Gündemin 2. Maddesine geçildi.
“Ortak akıl, ortak başarı” fikrinin doğru olduğu ancak bunun içeriğinin daha da zenginleşmesi gerektiği konuşuldu.
Mustafa Tuncel Ortak Akla ulaşmaya ve sorunları bu yolla çözmeye hangi koşullar nedeni ile geldiklerini açıkladı. Bir yerel yönetimde demokratik yöntemle nasıl başarılı olunacağını tüm Türkiye’ye bu davranışları ile örnek olacaklarını söyledi.
ÖNERİLER
1/ Katılımın siyasi yelpaze olarak çeşitlendirilmesi konuşuldu.
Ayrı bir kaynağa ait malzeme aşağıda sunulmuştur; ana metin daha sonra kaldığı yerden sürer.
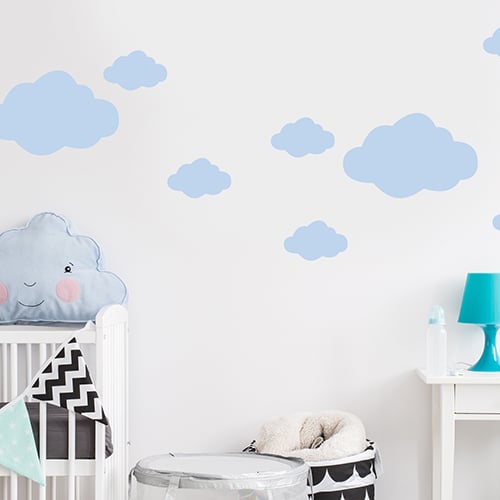 Sticker Nuage Bleu Clair enfants mis en ambiance sur un mur clair d'une chambre pour bébé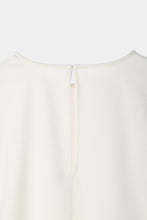Load image into Gallery viewer, linen like puff sleeve blouse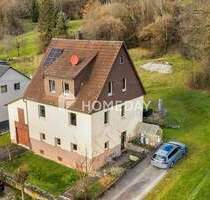 Familien aufgepasst! Gemütliches Einfamilienhaus mit schönem Grundstück in ruhiger Ortsrandlage - Nürtingen - Oberensingen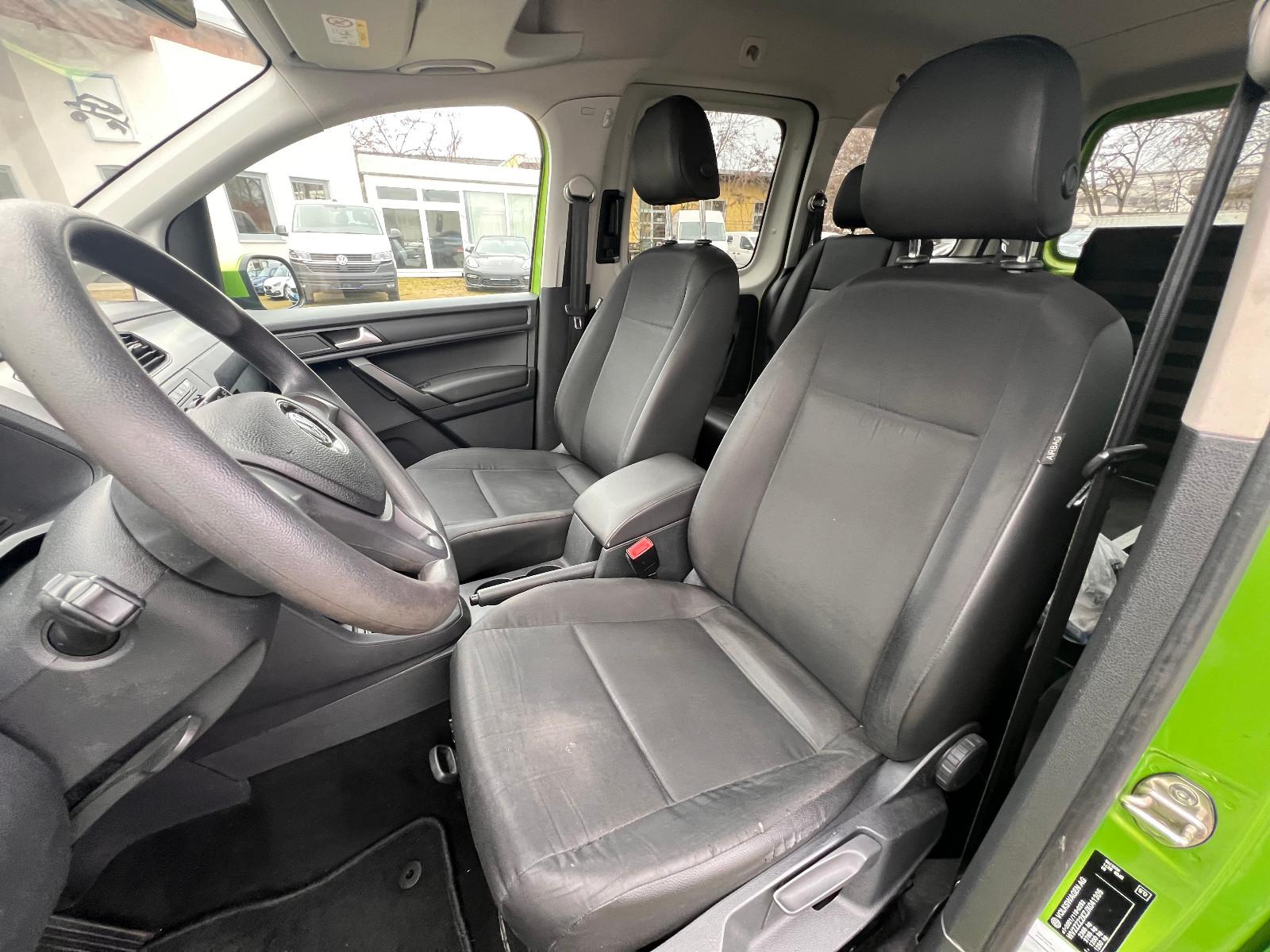 Volkswagen Caddy Maxi 2.0 TDI DSG Rollstuhl Rampe 110 kw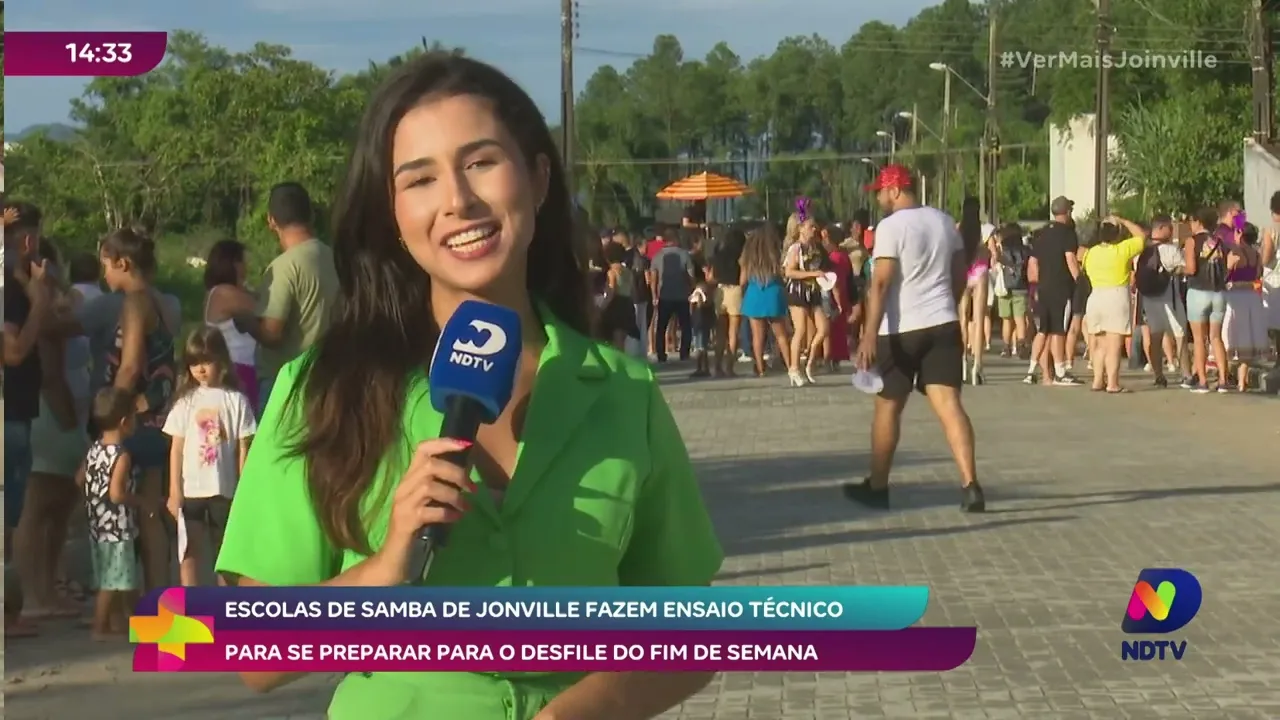 Escolas de samba de Jonville fazem ensaio técnico para se preparar para o desfile do fim de semana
2/ Siyasi Parti İl başkanlarına gidilmesi konuşuldu.
ORTAK SONUÇ
Katılımın siyasi yelpaze olarak çeşitlendirilmesi için çaba sarf edilmesi gerektiği sonucuna varıldı.
DEĞERLENDİRME
İLETİŞİM
SİVİL TOPLUM İLE
20 sivil toplum kuruluşuna doğrudan telefonla birebir görüşmeyle duyuru yapıldı. Toplantı lobisinde TkMM broşürleri de verildi
MİLLETVEKİLLERİ İLE
Milletvekillerine mutfak aracılığı ile ve cep telefonlarına mesaj ile ulaşılmaya çalışıldı. İki vekille doğrudan telefonla görüşüldü. Bir milletvekilinin sekreteriyle görüşüldü.
MEDYA İLE
Geçmişte basına faks çekiyorduk ancak yeterli ilgi olmuyordu. Bu kaz doğrudan 3 kuruluşla görüştüm. Üçü de temsilci gönderdi
KATILIMCILARLA
Telefonla katılımcılardan konu istedim. Bir öneri gelmedi. Mutfağın genel gündem önerisini sundu. Yerel gündeme ilişkin olarak da ‘Torba Yasa’yı konuşalım’ dendi onun genel bir gündem olduğunu söyledim. Konuşmalardan sonra yerel gündem oluştu.
SONUÇLAR
Mutfağın hazırladığı TkMM ilkelerimiz videosu ile genel konuya ilişkin videolar gösterildi. Videoların hazırlanması konunun toparlanması açısından olumlu bulundu.